E1118 12:07:39.984506 263073 ts_tablet_manager.cc:2086] T b7386e5049624e75aafc390011eeac8b P fd339b15e1e7407aae1ee7587357f450: Tablet failed to bootstrap: Illegal state (yb/tablet/tablet_bootstrap.cc:1684): Failed log replay. Reason: WAL files missing, or committed op id is incorrect. Expected both term and index of prev_op_id to be greater than or equal to the corresponding components of committed_op_id. prev_op_id=0.0, committed_op_id=1.14
2024-11-18 12:00:42.247 UTC [86199] ERROR: Timed out waiting kResponseSent, state: kRequestSent
2024-11-18 12:00:42.247 UTC [86199] STATEMENT: CREATE TABLE public.noncolocateddbnoncolocatedtable1_p7000 PARTITION OF public.noncolocateddbnoncolocatedtable1
FOR VALUES FROM (7000) TO (8000)
PARTITION BY RANGE (age)
SPLIT INTO 2 TABLETS;
Test details:
1. Create a cluster with required g-flags
2. Schema creation:
a. Create 2 non-colocated DB
b. Create 2 tables in non-colocated db
(One is partitioned by time and the other by integer)
c. Create Materialized views on all the tables (CREATE partition)
d. Create indexes on all these tables (CREATE INDEX ON THESE)
3. Create pg_partman extension with/without schema (TBD) and create pg_cron extension
4. Create PITR on all the databases and note down time T0
5. Try creating a partition using create_parent(), pass 'partman' as p_type, and
verify it fails with below error:
ERROR: partman is not a valid partitioning type for pg_partman
6. Try creating partition set on a table which doesn't exist and verify it fails
with the expected error
7. Try creating a sub-partition set on parent table which doesn't have any partition
set and verify it fails with:
ERROR: Cannot subpartition a table that is not managed by pg_partman already.
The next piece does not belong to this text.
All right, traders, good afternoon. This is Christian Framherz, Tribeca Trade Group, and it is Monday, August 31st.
Given top parent table not found in public.part_config: public.t2
8. Try creating a partition set on a column which is not part of the partition key and
verify it fails with the expected error.
9. TBA: Create a partition set on a table which already has partitioned tables
(overlapping), verify it fails with:
10. Drop extension and tables and re-create them
11. Create partition (create_parent()) set for each table and validate if it's working
by adding a few rows for each partition (Keep interval as low as possible).
12. Create sub-partition (create_sub_parent()) for each partition set, validate old
data is not present and validate new rows are getting added to both parent
partition and sub-partition
13. Schedule a pg_cron job which will insert rows continuously into all the tables.
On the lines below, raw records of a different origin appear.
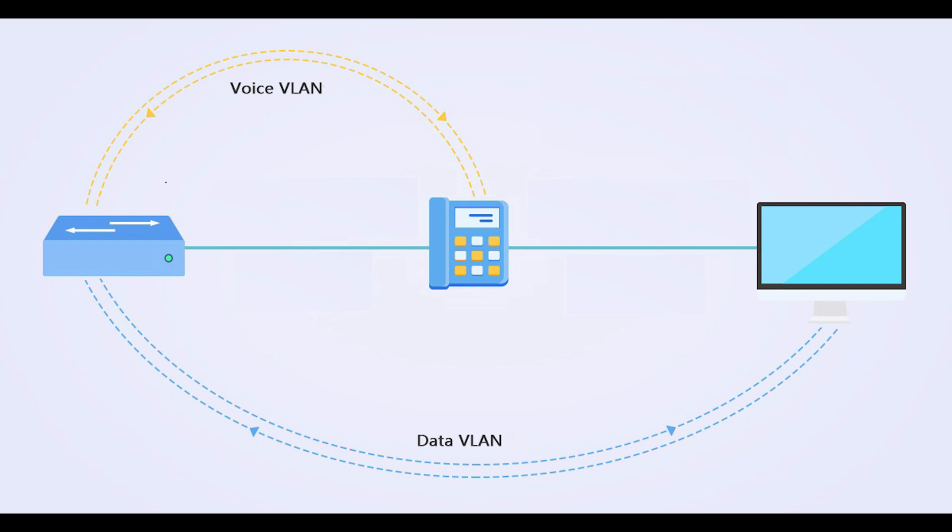For a LAN switch to forward traffic correctly, it needs to know the VLAN ID of voice VLANs as well as the data VLAN. Data VLAN is configured just like a regular access VLAN using the switchport access VLAN VLAN ID command. The voice VLAN is configured using switchport voice VLAN VLAN ID interface configuration mode command.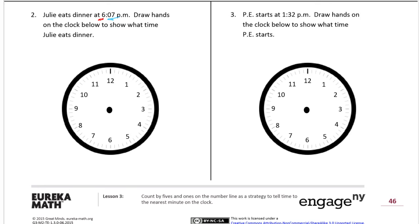6:07 — the hour hand points at the six. Then for seven minutes, you know the one is five minutes, and six, seven is two minutes after that. So the minute hand goes just past the one. There's 6:07.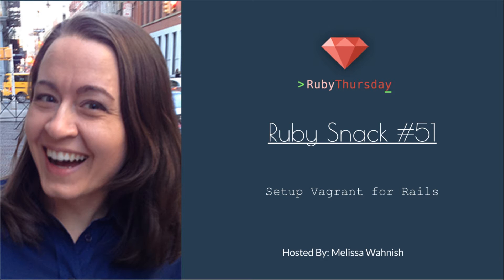Welcome to Ruby Thursday. I'm Melissa Wanisch. This is Ruby Snack number 51, Setup Vagrant for Rails.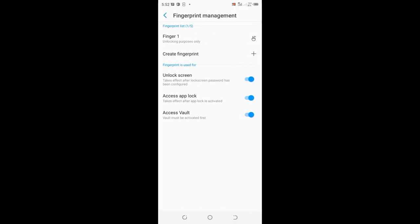Then click where we have fingerprint and locking purposes only. After clicking it, it will ask if you want to delete or rename the fingerprint.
14. Schedule a pg_cron job which will run (run_maintenance()/run_maintenance_proc())
every 5 minutes
15. Start a thread to verify if (run_maintenance()/run_maintenance_proc()) is dropping
the partition tables and creating new partition tables
16. Start a thread to update and delete data
17. Let this run for 20 minutes, this should verify the functionality
18. Stop the DML ops threads and cron jobs.
19. Note down the time (T1) and the data.
20. Resume the DML ops threads and cron jobs.
21. Sleep for 10 minutes
22. Stop the DML ops threads and cron jobs.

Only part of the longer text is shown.